CPU RightMark - Objective Performance Benchmark for Modern and Future
CPUs
The CPU RightMark suite is meant for objective measurement of performance
of modern and future processors in different computational tasks such as
numerical modeling of physical processes and solving of 3D graphic problems.
It focuses on testing the loaded FPU/SIMD units and the CPU/RAM tandem.
As a result, we get pure CPU performance, an objective parameter obtained
without the influence of other subsystems, like video and disc systems,
except the memory one. It allows us to compare the true performance of
different processors irrespective of a type of other system components.
It's obtained by dealing only with the CPU and measuring the CPU time spent
for execution of computational tasks. Thanks to high accuracy of measurements
it takes less than one minute to obtain stable repeatable results.
The current CPU RightMark version consists of two tests - CPU Performance
and CPU Stability.

CPU Performance
The first test deals with both types of tasks - numeric modeling of physical
processes and 3D graphics. The calculation of a system of particles is
displayed as a beautiful scene that consists of multiple spheres.
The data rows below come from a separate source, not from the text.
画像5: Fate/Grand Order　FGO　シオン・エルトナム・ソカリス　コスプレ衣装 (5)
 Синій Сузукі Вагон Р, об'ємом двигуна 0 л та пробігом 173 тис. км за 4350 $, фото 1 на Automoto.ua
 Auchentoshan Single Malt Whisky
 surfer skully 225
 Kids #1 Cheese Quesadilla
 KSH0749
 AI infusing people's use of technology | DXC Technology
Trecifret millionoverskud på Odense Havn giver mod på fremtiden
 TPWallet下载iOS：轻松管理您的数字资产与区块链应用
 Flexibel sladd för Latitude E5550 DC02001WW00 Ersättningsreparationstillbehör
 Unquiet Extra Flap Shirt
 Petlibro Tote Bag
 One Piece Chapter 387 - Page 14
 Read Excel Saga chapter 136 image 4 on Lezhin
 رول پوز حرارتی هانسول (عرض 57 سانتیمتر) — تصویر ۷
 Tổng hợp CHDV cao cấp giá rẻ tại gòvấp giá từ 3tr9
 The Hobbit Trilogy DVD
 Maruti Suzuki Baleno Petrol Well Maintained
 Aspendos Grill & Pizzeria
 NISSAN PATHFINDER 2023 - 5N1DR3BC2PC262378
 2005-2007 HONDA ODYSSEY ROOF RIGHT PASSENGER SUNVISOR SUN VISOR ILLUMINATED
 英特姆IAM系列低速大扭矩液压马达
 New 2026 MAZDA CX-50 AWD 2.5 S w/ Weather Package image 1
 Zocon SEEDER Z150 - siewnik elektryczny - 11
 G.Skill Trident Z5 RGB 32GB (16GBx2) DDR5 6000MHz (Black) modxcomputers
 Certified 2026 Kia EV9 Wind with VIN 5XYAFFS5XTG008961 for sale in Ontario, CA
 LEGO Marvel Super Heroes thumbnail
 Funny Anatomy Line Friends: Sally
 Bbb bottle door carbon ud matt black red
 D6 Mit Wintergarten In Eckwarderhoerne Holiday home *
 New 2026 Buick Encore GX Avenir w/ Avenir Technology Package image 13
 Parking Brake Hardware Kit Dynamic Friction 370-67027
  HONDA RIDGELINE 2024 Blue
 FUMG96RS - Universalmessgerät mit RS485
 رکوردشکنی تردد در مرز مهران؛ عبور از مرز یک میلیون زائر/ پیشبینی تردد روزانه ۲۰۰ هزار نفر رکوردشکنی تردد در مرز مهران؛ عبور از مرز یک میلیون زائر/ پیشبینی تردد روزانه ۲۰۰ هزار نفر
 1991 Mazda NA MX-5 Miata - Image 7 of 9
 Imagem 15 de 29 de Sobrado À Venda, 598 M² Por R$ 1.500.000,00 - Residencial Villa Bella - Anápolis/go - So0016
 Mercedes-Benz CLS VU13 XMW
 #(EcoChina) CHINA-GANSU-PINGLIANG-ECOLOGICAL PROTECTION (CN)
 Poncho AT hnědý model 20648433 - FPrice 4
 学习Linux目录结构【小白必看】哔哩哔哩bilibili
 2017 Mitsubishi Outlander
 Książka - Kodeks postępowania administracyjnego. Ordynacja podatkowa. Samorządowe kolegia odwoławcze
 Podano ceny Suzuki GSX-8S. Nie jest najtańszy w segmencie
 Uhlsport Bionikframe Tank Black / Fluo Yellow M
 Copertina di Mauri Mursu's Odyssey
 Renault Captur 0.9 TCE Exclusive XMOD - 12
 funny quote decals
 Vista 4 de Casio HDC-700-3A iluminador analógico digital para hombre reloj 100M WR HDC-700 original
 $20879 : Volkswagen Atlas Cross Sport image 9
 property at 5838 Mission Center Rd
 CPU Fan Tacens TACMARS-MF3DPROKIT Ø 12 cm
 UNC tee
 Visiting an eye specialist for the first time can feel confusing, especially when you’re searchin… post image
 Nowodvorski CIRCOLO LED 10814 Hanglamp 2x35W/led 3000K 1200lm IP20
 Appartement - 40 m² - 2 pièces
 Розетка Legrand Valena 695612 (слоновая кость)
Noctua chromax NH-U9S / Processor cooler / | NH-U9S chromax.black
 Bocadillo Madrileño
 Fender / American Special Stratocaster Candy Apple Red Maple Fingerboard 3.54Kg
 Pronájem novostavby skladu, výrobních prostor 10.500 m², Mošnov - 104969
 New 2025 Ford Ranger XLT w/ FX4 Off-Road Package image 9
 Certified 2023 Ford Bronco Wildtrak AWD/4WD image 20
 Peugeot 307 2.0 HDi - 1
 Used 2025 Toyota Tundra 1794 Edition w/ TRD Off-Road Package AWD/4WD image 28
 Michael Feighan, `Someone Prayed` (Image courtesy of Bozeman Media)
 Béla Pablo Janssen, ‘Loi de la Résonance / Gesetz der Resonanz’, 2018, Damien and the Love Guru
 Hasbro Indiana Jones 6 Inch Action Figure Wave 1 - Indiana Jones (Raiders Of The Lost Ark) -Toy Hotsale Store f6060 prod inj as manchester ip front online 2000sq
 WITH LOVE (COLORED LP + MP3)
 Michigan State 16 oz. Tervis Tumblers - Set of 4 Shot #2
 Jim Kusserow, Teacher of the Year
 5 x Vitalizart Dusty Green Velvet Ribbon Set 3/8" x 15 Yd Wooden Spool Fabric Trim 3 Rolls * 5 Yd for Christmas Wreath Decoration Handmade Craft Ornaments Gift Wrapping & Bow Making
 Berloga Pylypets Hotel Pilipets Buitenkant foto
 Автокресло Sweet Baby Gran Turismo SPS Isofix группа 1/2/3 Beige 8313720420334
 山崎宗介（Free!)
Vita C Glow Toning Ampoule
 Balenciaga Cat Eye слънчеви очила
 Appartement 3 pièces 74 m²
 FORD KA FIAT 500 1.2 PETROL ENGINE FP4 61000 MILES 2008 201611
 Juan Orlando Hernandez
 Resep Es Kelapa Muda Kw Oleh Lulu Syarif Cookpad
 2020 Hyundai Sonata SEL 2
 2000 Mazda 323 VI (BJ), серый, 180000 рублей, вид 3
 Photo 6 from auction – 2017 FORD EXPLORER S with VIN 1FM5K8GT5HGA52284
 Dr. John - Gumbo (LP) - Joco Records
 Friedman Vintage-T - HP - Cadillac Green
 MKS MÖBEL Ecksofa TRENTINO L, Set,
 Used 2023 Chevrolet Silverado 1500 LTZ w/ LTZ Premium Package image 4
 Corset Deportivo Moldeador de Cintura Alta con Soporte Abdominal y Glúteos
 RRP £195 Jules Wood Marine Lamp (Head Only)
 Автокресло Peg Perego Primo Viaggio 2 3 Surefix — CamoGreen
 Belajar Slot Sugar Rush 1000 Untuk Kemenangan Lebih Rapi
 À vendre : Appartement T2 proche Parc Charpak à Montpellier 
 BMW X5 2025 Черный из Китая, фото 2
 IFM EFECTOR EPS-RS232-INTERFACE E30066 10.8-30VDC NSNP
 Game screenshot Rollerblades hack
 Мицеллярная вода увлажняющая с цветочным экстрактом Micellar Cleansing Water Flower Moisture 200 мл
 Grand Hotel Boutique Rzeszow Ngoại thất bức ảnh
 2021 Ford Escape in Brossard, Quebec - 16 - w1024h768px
Therefore,
the CPU Performance test can be divided into two independent modules running
one after the other.
1. Numeric modeling
The first module (Solver) realizes numeric modeling of physical processes.
Initialization of this module sets a number of the particles to be computed,
their initial coordinates in the environment, their speeds and accelerations
(as a rule, the latter is equal to 0 at the initial moment of time), their
mass and radii, parameters of the interaction potential (lin_factor and
quad_factor) and the factor of energy loss due to friction (v_factor).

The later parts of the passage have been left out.